From 1945 until the COVID-19 pandemic, Isle of the Dead surely played differently. The film’s sympathy is on the side of the characters who think the General’s quarantine and ban on gatherings are an overreaction and unnecessary. When the General stops Thea from escaping the island, it is meant to show his cruelty. Watching this film now, the most tense and anxious moments came from characters ignoring the General’s orders, which he made according to medical advice. In 1945, Isle of the Dead was a film about how the right situation can lead to a single person seizing control and becoming mad with power. It is still about that, to be sure, but in 2021 it is also about how an event like an epidemic spurs different reactions, including dangerous ones. In both views of the film, General Pherides is an unsympathetic man who loses his mind and goes from trying to protect people to trying to kill the same people. He is also a man that becomes dangerous as he loses confidence in science and medicine and gives into superstition.
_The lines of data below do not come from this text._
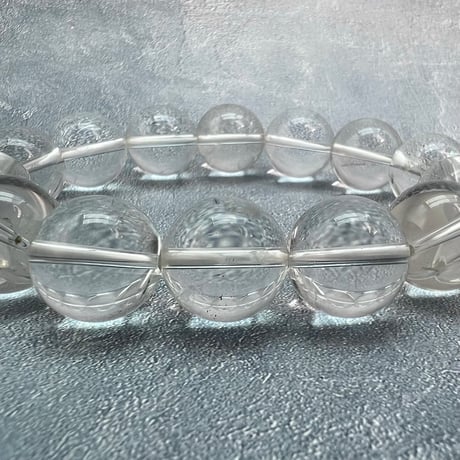 【カイラス産】"手磨き"天然ヒマラヤ水晶 ブレスレット16mm内径18cm/Kailash Himalayan Quartz Bracelet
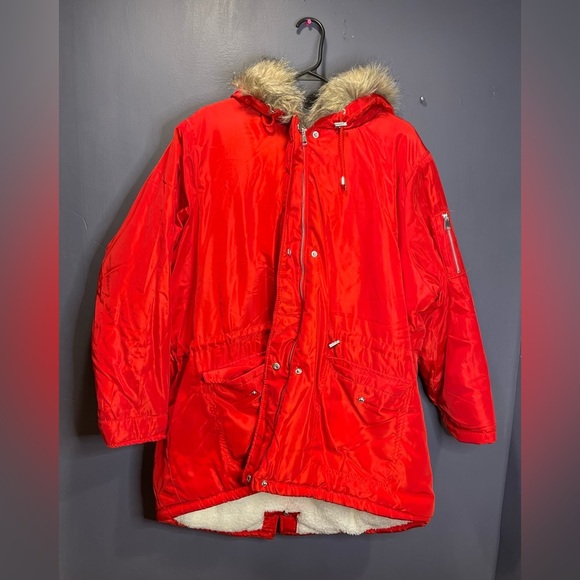 New Look Red Parka Fur Hooded Coat - Picture 9 of 13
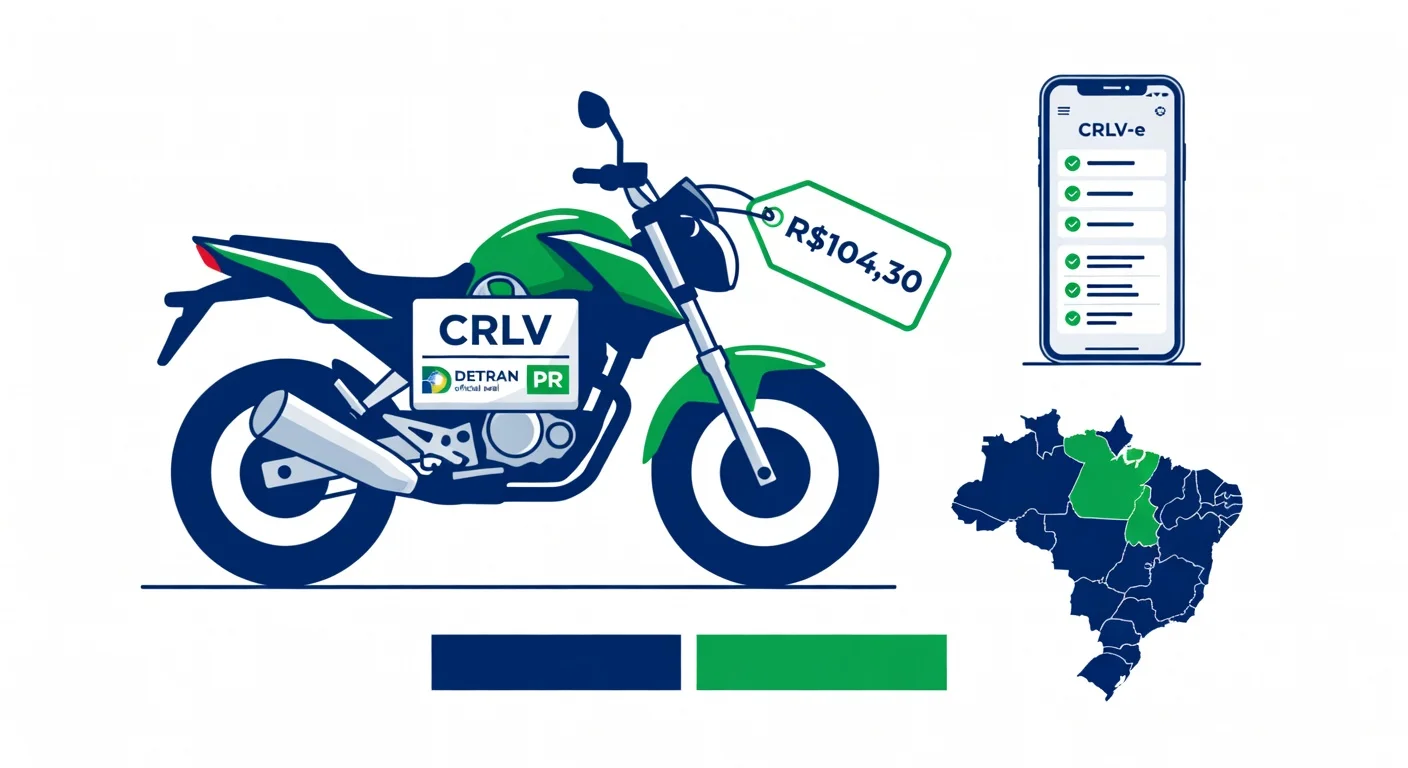 Licenciamento moto Paraná 2026: taxa R$104,30, documentos e CRLV digital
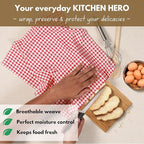Native Fab Gingham Cotton Kitchen Towel 4 Pack 16"x26" - Image 5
Isle of the Dead falls into the second tier of the series of low budget horror films Val Lewton produced for RKO in the 1940’s. The horror classics Cat People (1942) and I Walked With a Zombie (1943) are firmly in the top tier. Those films partnered Lewton with director Jacques Tourneur, who made use of eerie imagery to emphasize the fear felt by the characters. Director Mark Robson does a fine job at the helm of Isle of the Dead but lacks the stylistic touches and eye for eerie imagery that made the previous Tourneur/Lewton films great. For a film set on an island cemetery there is a disappointing lack of creepy or eerie imagery depriving the film of a richer atmosphere. Despite these flaws Isle of the Dead is still an intriguing, low key horror movie and an interesting one to watch during a pandemic.